Project/Area Number	19K24371
Research Category	Grant-in-Aid for Research Activity Start-up
Allocation Type	Multi-year Fund
Review Section	1002:Human informatics, applied informatics and related fields
Research Institution	National Institute of Informatics
Principal Investigator	Wang Xin 国立情報学研究所, コンテンツ科学研究系, 特任助教 (60843141)
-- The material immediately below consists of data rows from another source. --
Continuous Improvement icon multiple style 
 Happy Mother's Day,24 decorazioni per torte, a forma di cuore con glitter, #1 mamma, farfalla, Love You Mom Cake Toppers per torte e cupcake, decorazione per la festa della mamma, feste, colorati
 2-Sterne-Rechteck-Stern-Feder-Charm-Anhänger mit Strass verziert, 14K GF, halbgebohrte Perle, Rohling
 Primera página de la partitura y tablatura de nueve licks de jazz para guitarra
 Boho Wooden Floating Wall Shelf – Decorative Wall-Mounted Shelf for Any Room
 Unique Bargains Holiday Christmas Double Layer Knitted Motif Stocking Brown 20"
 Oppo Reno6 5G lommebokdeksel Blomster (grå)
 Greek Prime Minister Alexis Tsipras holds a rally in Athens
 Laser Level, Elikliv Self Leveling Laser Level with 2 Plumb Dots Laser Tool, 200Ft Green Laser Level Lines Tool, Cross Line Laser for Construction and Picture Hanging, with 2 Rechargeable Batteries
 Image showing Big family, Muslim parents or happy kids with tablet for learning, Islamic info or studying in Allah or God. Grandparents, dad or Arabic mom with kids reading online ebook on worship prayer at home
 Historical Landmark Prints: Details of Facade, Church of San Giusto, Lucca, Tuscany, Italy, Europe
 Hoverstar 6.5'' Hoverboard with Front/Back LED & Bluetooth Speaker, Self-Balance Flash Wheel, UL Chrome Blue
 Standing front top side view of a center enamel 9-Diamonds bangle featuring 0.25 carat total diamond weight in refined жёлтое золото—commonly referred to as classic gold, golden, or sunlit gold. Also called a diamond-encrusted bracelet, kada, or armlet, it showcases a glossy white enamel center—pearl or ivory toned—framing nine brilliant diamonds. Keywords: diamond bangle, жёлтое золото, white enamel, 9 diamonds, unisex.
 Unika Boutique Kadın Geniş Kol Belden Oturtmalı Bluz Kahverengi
Project Period (FY)	2019-08-30 – 2021-03-31
Keywords	Speech synthesis / Waveform modeling / Deep learning / Neural network
Outline of Final Research Achievements	How to generate natural-sounding speech waveform from a digital system is a fundamental question in speech science. By combining classical speech science, signal processing methods, and recent deep-learning techniques, this research project proposes a family of neural waveform model called neural source-filter waveform (NSF) models. It was demonstrated that the proposed NSF models can produce high-quality waveforms at a much faster speed than the commonly used WaveNet models. It was also demonstrated that the NSF models can be extended to incorporate other classical methods from the speech modeling field, including harmonic-plus-noise speech model. Finally, it was demonstrated that the NSF model can be applied to music instrumental audios, showing its flexibility and potential in modeling speech and non-speech sounds.
Free Research Field	知覚情報処理
Academic Significance and Societal Importance of the Research Achievements	Deep learningにより音声波形モデリング技術は近年盛んに研究されている。深層学習手法だけを使用して多くのモデルが提案されている一方で、本研究は深層学習と古典的な信号処理技術の組み合わせることにとりニューラルソースフィルター波形モデル（NSF）と呼ばれるモデルを提案した。提案されたモデルは、深層学習と信号処理の方法を組み合わせるの方法を示しています。そして、提案されたモデルは実際のアプリケーションで使用されています。